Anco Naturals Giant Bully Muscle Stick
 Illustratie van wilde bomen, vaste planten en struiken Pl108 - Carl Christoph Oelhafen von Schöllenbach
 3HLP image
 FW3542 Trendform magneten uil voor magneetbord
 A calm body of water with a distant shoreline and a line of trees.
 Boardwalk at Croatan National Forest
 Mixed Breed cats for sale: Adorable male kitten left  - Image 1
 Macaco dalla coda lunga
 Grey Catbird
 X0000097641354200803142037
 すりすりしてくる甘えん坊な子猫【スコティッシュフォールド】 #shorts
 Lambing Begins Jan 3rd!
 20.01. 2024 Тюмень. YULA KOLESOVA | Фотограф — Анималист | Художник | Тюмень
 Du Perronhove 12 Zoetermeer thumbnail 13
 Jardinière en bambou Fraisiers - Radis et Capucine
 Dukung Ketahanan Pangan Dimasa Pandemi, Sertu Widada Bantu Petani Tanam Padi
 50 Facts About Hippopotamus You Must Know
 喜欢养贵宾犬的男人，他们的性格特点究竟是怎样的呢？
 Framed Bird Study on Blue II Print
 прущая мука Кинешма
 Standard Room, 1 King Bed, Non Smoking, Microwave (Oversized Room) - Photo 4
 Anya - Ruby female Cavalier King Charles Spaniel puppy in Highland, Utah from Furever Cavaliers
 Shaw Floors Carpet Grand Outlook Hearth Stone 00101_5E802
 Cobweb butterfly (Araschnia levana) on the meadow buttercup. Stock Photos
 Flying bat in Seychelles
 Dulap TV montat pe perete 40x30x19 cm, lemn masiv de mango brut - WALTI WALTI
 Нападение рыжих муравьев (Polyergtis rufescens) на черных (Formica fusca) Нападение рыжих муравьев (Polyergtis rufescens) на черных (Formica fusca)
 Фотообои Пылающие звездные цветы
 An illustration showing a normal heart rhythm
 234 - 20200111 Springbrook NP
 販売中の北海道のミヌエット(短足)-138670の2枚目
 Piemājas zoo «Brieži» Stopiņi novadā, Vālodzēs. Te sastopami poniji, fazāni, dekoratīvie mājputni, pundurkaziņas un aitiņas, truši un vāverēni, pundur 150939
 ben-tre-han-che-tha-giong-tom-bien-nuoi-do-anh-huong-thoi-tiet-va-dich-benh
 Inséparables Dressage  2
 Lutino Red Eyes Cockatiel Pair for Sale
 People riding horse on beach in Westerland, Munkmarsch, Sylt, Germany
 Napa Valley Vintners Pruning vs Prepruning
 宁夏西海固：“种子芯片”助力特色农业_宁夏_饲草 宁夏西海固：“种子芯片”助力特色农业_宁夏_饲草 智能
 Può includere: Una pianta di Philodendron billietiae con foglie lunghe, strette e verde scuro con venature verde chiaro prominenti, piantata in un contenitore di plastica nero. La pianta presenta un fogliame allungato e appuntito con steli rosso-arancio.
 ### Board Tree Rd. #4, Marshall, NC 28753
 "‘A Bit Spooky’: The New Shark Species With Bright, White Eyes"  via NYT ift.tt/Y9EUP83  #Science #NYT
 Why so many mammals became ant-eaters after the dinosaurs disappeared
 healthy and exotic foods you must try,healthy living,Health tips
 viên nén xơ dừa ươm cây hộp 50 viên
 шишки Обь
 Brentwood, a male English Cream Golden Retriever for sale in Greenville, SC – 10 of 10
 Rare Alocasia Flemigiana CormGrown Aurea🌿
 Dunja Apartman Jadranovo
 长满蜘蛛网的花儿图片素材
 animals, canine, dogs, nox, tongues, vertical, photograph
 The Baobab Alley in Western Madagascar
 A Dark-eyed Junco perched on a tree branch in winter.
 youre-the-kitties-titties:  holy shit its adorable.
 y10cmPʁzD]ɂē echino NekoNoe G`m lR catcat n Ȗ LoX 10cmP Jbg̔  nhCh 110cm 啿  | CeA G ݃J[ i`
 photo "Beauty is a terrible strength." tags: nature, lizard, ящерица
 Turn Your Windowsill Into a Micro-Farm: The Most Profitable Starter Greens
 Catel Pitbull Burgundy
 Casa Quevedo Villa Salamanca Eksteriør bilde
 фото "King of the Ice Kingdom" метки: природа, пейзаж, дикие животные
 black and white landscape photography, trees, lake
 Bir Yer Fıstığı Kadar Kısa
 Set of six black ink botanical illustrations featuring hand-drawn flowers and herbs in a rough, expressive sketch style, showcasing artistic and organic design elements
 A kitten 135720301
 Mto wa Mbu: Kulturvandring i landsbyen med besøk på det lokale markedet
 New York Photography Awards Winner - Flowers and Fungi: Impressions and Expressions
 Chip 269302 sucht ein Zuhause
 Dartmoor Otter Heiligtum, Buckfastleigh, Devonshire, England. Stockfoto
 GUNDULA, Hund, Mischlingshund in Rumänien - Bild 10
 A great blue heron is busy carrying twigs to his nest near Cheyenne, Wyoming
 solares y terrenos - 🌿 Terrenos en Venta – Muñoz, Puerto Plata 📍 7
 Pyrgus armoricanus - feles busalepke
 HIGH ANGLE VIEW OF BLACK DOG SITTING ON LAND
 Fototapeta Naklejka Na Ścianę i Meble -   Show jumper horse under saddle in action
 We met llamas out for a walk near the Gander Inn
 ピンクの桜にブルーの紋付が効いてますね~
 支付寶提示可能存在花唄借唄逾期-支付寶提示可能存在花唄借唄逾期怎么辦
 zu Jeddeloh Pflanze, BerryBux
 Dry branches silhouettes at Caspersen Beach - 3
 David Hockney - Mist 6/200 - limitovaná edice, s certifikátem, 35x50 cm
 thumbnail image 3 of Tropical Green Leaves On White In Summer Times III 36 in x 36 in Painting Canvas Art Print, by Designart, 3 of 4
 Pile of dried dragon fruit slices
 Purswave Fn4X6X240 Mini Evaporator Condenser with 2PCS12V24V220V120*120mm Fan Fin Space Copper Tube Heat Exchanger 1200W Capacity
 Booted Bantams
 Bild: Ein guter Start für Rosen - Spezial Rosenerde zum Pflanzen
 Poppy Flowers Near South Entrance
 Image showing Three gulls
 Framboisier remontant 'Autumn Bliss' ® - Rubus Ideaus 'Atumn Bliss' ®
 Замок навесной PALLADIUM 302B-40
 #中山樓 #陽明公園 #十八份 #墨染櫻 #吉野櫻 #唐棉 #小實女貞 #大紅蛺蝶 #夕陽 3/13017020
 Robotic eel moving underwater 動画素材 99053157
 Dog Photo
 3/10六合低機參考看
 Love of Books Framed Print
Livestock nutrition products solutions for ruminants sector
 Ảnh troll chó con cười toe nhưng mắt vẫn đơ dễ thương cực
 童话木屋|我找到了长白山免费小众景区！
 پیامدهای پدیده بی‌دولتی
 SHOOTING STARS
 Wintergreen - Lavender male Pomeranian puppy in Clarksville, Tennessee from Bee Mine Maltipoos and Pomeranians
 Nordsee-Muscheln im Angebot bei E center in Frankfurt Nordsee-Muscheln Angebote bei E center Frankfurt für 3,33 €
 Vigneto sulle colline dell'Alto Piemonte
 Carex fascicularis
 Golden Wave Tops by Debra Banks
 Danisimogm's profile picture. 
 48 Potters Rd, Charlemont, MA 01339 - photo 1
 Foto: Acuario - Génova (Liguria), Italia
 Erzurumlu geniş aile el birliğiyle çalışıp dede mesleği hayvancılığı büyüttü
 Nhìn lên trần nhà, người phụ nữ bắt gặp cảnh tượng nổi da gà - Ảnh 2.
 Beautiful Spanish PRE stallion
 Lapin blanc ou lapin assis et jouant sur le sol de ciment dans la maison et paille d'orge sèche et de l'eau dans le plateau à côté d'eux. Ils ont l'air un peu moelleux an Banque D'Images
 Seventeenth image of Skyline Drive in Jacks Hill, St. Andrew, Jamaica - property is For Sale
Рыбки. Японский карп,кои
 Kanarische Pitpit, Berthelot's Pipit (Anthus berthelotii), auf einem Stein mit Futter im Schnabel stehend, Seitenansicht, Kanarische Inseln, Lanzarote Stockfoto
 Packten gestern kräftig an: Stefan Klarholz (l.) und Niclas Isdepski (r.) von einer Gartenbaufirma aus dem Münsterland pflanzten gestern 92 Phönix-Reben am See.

DIRECTIONS FOR THIS TASK: The reply should hold only the lines of the listing above starting at the line containing "nature, lizard, ящерица" and ending at the line containing "A kitten 135720301", exactly as written.

FINISHED EXERCISE:
 photo "Beauty is a terrible strength." tags: nature, lizard, ящерица
 Turn Your Windowsill Into a Micro-Farm: The Most Profitable Starter Greens
 Catel Pitbull Burgundy
 Casa Quevedo Villa Salamanca Eksteriør bilde
 фото "King of the Ice Kingdom" метки: природа, пейзаж, дикие животные
 black and white landscape photography, trees, lake
 Bir Yer Fıstığı Kadar Kısa
 Set of six black ink botanical illustrations featuring hand-drawn flowers and herbs in a rough, expressive sketch style, showcasing artistic and organic design elements
 A kitten 135720301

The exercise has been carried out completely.